- Battle of Konduga: Part of the Boko Haram insurgency
| Date | 12 September 2014 |
| Location | Konduga, Borno State, Nigeria11°39′06″N 13°25′10″E﻿ / ﻿11.6517°N 13.4194°E |
| Result | Nigerian victory |

Belligerents
- Nigeria: Boko Haram

Strength
- 400: 100-200

Casualties and losses
- Unknown killed 4 wounded (per Nigeria): 100+ killed

= Battle of Konduga (2014) =

Battle in Borno State, Nigeria

The Battle of Konduga was a military engagement between the Nigerian Armed Forces and Boko Haram insurgents in Konduga, Borno State, northeastern Nigeria, on 13 September 2014. Nigerian forces successfully defended the city, killing over 100 militants.

==Background==
Boko Haram emerged in 2009 as a jihadist social and political movement in a failed rebellion in northeast Nigeria. Throughout the following years, Abubakar Shekau unified militant Islamist groups in the region and continued to foment the rebellion against the Nigerian government, conducting terrorist attacks and bombings in cities and communities across the region.

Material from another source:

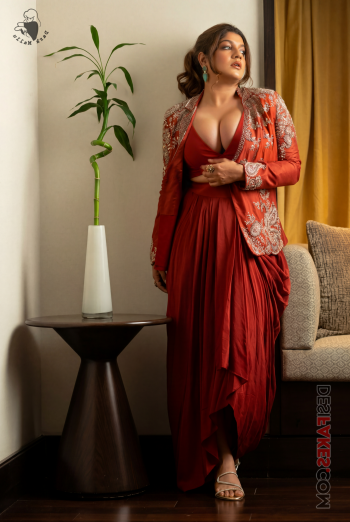 aparna balamurali ecc8d8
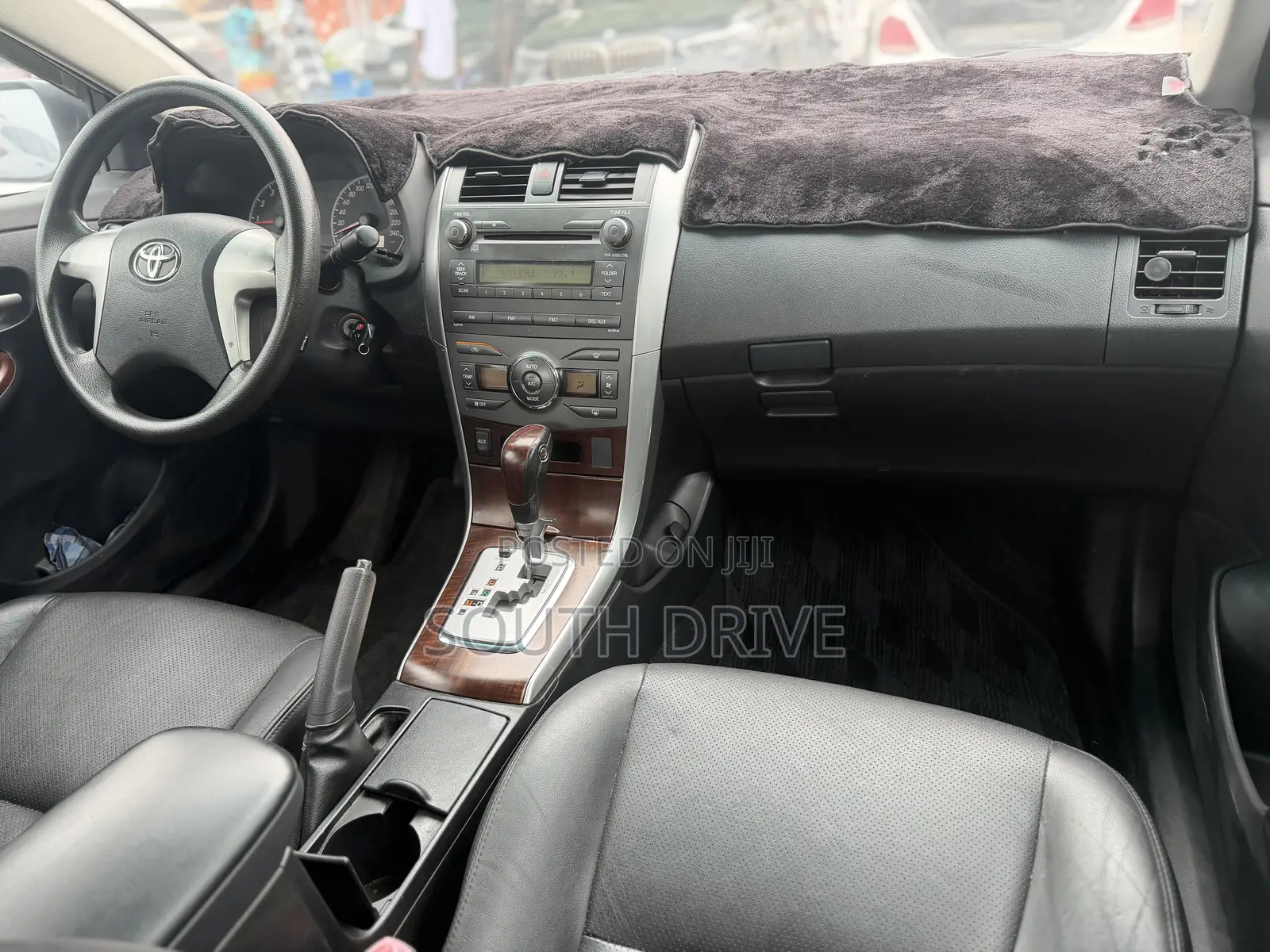 Toyota Corolla LE 4dr Sedan (1.8L 4cyl 4A) 2012 Silver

In August 2014, Boko Haram launched a campaign to capture several cities in Borno State, capturing Damboa in late July and Gwoza and other cities in August. In each city, the group carried out large-scale massacres against civilians and suspected pro-government people. The campaign continued in Gamboru Ngala, with Boko Haram capturing the city on 25 August and immediately launching attacks on the Cameroonian city of Fotokol. On 1 September, the group captured Bama.

Konduga has been attacked by Boko Haram several times since 2009. In August 2013, a mosque in Konduga was shot up by Boko Haram, killing 44 people. In February 2014, the group killed 62 and kidnapped 20 in an attack on the city.

==Battle==
At about 4:30 am on 12 September, Boko Haram militants attacked the town of Konduga. According to the Nigerian Ministry of Defense, about 100 to 200 militants took part in the attack. The Nigerian Army had been informed of the attack ahead of time, and deployed 400 soldiers to guard the city and ambush the insurgents.

The clashes lasted about three hours. The Nigerian army claimed victory, saying that over 100 jihadists were killed. Nigerian officials also said that four vehicles equipped with anti-aircraft guns, two other military vehicles, and a cache of weaponry were seized. One soldier told Xinhua "Most of the soldiers killed were beyond recognition during the few hours of fury unleashed by our men." Nigerian forces only reported four wounded among their ranks.

==Aftermath==
Some time after the battle, Boko Haram attacked a market in Ngom, killing at least 25 people. After the massacre, Nigerian soldiers pursued the perpetrators and killed about ten of them. In Bama, a city that the militants did capture, detained civilians were massacred by Boko Haram as retaliation for the group not being able to capture Konduga. Konduga was the first city in Nigeria to not have fallen to the Boko Haram offensive.

Konduga was attacked again in March 2015, which Nigerian forces again repelled. At least 70 militants were killed in the 2015 attack.